◆ **DATA PROVIDED**
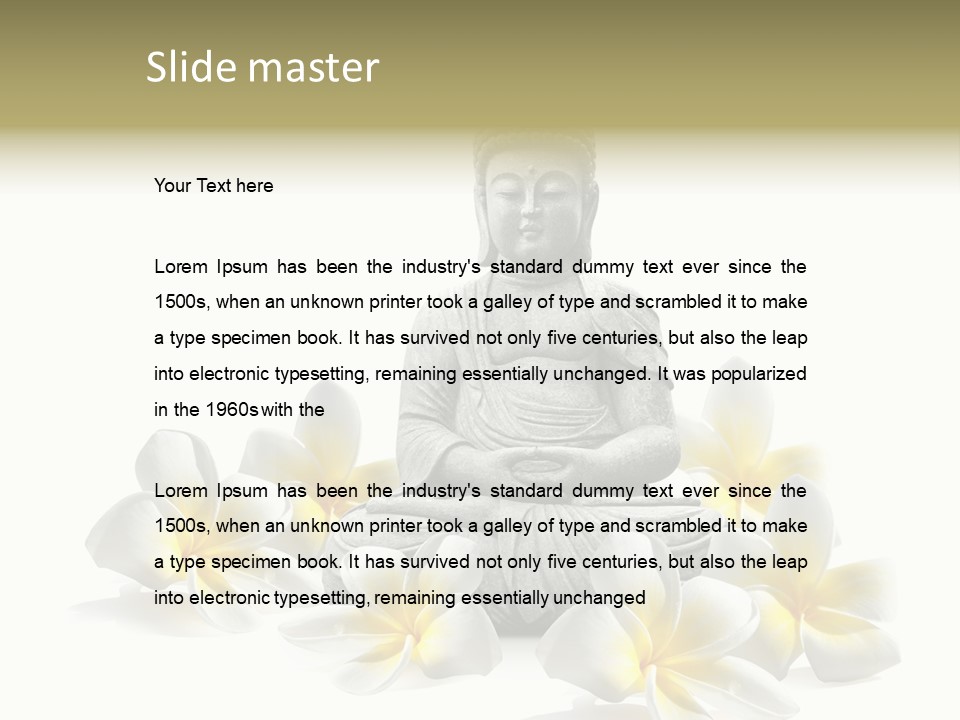 Harmonie Buddha Boudha PowerPoint Template
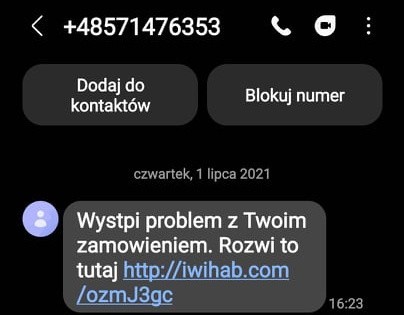 Oszuści ponownie rozsyłają wiadomości SMS, informujące o...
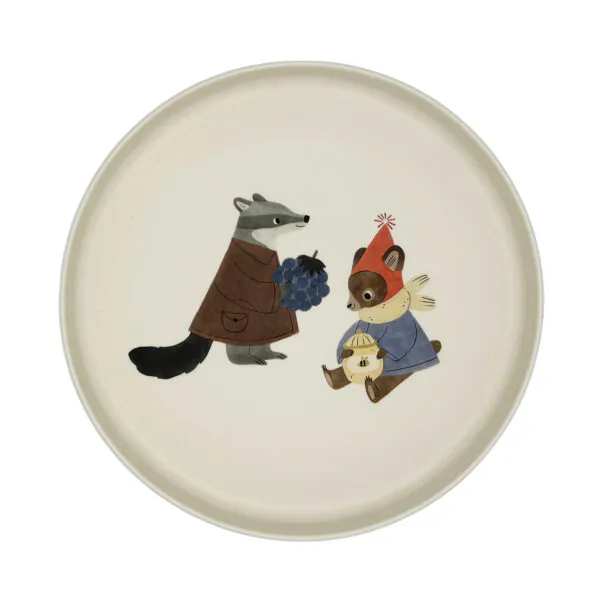 Kids Plate "Forest Animals"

◆ **EXERCISE AIM**
All of the data must be repeated exactly, except for the pictures.

◆ **ANSWER BELOW**
 Harmonie Buddha Boudha PowerPoint Template
 Oszuści ponownie rozsyłają wiadomości SMS, informujące o...
 Kids Plate "Forest Animals"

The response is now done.